Ветер ревел в ушах. Семьдесят миль в час, девяносто, сто двадцать и еще быстрей. Сейчас на скорости сто сорок миль в час напряжение на крыльях было намного слабее, чем прежде на семидесяти, лишь чуть-чуть повернув кончики крыльев, он вышел из пике и, словно живой снаряд, пронесся над волнами, освещенными луной.

Прищурившись, чтобы ветер не так резал глаза, он ликовал. Сто сорок миль в час! И под контролем! А если начать пике не с двух, а с пяти тысяч футов, интересно, какую скорость я…

Недавние клятвы были забыты, их унесло встречным ветром. Он не чувствовал вины за то, что нарушил свое обещание. Следовать ему могут лишь чайки, признающие незыблемость обыденной жизни. Тому же, кто в поиске знаний прикоснулся к совершенству, такие клятвы ни к чему.

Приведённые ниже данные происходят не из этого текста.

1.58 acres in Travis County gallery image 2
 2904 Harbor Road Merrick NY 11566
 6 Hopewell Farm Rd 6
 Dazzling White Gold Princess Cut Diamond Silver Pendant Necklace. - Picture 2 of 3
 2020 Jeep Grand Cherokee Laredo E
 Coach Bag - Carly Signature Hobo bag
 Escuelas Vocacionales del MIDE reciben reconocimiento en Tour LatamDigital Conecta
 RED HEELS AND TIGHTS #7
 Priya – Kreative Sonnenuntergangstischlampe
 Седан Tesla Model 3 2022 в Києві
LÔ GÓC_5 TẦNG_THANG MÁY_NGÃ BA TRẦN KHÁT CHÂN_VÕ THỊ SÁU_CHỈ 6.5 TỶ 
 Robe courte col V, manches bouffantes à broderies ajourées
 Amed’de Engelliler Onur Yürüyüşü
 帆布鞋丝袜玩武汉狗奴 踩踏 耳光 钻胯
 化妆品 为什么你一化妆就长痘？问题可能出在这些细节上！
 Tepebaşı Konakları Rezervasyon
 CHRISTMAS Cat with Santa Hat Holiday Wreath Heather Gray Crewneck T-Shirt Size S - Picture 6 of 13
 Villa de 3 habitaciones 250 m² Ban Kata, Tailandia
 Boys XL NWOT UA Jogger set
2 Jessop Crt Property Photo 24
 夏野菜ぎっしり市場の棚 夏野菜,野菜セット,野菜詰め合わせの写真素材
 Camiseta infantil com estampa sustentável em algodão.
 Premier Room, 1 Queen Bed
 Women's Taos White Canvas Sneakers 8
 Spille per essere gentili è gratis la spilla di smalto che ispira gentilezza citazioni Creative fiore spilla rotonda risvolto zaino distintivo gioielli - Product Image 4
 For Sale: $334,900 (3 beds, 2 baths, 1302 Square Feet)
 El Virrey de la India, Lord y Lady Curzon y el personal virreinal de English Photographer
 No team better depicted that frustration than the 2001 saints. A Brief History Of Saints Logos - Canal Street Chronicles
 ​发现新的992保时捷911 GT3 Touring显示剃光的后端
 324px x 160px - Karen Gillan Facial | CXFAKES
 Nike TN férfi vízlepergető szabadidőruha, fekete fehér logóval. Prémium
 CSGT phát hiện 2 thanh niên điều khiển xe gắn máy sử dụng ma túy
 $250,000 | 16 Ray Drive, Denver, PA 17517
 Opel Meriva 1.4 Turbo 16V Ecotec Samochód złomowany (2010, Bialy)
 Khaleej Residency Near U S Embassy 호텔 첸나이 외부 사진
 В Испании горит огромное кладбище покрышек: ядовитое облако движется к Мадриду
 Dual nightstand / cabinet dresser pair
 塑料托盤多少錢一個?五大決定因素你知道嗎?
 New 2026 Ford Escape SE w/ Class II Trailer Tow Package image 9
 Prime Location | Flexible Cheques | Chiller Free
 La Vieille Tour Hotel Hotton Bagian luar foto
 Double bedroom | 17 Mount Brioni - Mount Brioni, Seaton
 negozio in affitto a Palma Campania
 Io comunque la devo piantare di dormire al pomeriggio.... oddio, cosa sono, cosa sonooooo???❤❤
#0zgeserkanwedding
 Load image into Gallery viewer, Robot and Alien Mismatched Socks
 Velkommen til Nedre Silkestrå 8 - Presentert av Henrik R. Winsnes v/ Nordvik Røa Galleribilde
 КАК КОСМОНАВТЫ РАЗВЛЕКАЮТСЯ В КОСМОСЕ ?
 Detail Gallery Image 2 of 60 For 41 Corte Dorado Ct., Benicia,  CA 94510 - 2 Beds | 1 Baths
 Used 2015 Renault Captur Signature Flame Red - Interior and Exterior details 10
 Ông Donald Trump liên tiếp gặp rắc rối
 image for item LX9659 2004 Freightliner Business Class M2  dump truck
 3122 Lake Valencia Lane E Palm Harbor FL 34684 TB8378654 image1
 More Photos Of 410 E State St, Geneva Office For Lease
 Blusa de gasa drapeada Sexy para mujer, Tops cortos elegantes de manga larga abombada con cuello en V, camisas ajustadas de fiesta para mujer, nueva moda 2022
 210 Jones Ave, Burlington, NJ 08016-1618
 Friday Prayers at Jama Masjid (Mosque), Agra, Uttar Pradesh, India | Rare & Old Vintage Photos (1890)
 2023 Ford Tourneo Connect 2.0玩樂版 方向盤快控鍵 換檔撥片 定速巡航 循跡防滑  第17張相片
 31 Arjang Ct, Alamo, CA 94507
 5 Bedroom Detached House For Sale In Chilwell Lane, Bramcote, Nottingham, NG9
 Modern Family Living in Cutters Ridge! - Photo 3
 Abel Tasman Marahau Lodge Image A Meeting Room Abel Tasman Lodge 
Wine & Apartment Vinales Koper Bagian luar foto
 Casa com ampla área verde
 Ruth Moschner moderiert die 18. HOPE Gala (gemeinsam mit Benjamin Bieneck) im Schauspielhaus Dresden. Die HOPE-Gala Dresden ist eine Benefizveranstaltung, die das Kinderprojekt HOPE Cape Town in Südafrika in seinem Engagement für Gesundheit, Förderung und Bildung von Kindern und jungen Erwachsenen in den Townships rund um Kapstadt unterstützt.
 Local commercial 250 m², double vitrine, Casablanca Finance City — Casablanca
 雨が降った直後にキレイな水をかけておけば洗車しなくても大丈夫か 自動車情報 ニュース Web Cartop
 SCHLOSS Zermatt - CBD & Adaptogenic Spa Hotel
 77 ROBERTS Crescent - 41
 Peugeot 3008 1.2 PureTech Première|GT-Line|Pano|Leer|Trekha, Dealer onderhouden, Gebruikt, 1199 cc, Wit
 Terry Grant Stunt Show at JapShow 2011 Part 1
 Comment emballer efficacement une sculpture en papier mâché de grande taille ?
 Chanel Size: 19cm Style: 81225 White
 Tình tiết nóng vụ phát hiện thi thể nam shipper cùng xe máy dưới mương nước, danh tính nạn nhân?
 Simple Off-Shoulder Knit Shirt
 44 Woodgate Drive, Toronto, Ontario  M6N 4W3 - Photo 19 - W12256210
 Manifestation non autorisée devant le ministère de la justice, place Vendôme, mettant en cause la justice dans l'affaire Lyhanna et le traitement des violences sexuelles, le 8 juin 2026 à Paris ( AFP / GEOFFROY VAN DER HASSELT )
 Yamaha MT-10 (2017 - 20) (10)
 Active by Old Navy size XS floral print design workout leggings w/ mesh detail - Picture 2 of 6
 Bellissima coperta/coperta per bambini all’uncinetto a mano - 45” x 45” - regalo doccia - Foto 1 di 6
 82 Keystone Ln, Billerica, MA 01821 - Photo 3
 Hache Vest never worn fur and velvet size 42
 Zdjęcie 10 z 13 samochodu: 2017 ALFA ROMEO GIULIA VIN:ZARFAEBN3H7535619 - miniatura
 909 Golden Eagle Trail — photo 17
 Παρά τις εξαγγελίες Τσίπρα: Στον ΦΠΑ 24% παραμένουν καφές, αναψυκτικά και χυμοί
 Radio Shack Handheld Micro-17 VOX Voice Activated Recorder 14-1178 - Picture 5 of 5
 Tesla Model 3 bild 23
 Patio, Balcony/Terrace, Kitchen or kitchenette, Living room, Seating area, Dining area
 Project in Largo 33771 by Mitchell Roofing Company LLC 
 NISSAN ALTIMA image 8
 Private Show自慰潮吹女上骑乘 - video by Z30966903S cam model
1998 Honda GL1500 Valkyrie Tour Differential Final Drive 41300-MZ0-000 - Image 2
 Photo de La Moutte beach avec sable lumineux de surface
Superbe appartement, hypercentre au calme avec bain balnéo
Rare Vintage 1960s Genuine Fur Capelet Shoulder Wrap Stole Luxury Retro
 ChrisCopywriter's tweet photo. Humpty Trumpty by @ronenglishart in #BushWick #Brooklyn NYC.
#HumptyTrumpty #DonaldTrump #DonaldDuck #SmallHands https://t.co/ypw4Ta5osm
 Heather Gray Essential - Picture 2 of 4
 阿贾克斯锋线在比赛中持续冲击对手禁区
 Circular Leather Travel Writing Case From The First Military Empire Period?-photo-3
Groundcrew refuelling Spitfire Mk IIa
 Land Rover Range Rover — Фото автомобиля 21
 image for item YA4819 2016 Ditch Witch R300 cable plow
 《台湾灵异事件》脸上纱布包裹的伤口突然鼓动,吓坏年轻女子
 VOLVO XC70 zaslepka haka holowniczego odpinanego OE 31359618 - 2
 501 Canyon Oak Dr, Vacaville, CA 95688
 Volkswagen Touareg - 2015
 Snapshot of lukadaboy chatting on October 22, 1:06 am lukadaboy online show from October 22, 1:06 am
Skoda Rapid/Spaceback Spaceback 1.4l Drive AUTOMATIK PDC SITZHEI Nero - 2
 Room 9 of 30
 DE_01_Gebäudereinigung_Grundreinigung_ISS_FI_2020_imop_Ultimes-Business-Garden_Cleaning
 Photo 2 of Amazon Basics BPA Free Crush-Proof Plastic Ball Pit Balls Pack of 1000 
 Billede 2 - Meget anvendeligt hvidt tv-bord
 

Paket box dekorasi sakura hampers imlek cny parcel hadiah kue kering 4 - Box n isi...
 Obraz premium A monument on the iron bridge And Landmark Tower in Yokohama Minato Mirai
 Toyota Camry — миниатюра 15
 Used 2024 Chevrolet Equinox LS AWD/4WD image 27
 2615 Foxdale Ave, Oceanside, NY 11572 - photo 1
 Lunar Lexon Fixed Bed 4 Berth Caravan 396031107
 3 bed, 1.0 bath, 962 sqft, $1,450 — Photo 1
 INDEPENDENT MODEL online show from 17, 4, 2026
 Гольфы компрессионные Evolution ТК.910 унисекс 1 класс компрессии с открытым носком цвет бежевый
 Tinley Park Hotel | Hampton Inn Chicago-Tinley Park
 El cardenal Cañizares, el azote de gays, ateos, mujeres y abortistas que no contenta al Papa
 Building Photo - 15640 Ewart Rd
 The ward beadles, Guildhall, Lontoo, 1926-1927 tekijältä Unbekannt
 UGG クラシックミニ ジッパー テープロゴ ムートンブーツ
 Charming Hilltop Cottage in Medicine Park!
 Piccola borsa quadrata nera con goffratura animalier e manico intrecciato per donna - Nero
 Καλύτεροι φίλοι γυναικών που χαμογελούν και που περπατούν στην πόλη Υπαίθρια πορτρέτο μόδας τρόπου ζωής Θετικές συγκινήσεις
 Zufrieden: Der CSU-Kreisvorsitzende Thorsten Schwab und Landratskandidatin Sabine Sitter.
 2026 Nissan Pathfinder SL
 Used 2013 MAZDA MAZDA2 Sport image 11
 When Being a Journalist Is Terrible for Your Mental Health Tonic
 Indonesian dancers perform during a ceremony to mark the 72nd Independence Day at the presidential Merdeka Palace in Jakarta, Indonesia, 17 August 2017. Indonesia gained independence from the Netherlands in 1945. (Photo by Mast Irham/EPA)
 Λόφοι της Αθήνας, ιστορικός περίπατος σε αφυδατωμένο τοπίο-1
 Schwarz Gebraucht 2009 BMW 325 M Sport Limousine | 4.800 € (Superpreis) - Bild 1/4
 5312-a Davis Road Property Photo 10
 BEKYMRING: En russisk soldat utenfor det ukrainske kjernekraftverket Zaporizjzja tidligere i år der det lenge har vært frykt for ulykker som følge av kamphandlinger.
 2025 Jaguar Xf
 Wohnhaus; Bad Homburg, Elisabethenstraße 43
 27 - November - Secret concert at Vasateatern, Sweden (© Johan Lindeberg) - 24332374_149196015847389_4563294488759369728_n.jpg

На рассвете чайка Джонатан продолжил тренировку. С высоты пять тысяч футов рыбацкие баркасы казались щепками, плавающими на лазурной глади моря, а Стая имени Завтрака напоминала рой мошкары.

Чуть дрожа от радости, он был полон новых сил и очень гордился тем, что страха почти не чувствовал. Без всяких церемоний, сложив крылья и выставив наружу только их кончики, он рухнул вниз. На высоте четыре тысячи футов он уже успел набрать предельную скорость, а встречный ветер превратился в твердую стену, которая ревела и не давала ему разогнаться еще быстрей. Падая отвесно со скоростью двести четырнадцать миль в час, Джонатан сглотнул комок, застрявший в горле. Он знал, что, если на такой скорости крылья вдруг раскроются, его разорвет на тысячу частей. Но в этой скорости была скрыта сила, радость и сама красота.

Выход из пике он начал на высоте тысячи футов. Ураганный ветер трепал кончики крыльев, линия горизонта, баркас и стая чаек накренились и с быстротой молнии стали вырастать прямо у него на пути.

Остановиться он не мог, он даже не знал, как сделать поворот на такой скорости.

Столкновение означало бы мгновенную смерть.

Поэтому он просто зажмурился.

Случилось так, что в то утро, сразу после восхода солнца, чайка по имени Джонатан Ливингстон с ревом пронесся прямо сквозь самую середину Стаи имени Завтрака на скорости двести двенадцать миль в час с плотно зажмуренными глазами. В тот раз Чайка Удачи ему улыбнулась, и все остались живы.

К тому времени, когда он поднял клюв к зениту, скорость была еще сто шестьдесят миль в час. Когда же он снизил ее до двадцати и наконец расправил крылья, баркас снова казался щепкой, и до него было четыре тысячи футов.

Его захлестнула радость. Предельная скорость! Чайка достигла скорости двести четырнадцать миль в час! Это была победа, величайший момент в истории Стаи, и в ту секунду для Джонатана начался новый отсчет времени. Отправившись в свой уединенный район тренировок, он набрал восемь тысяч футов и немедленно нырнул вниз, чтобы научиться поворачивать в пикирующем полете.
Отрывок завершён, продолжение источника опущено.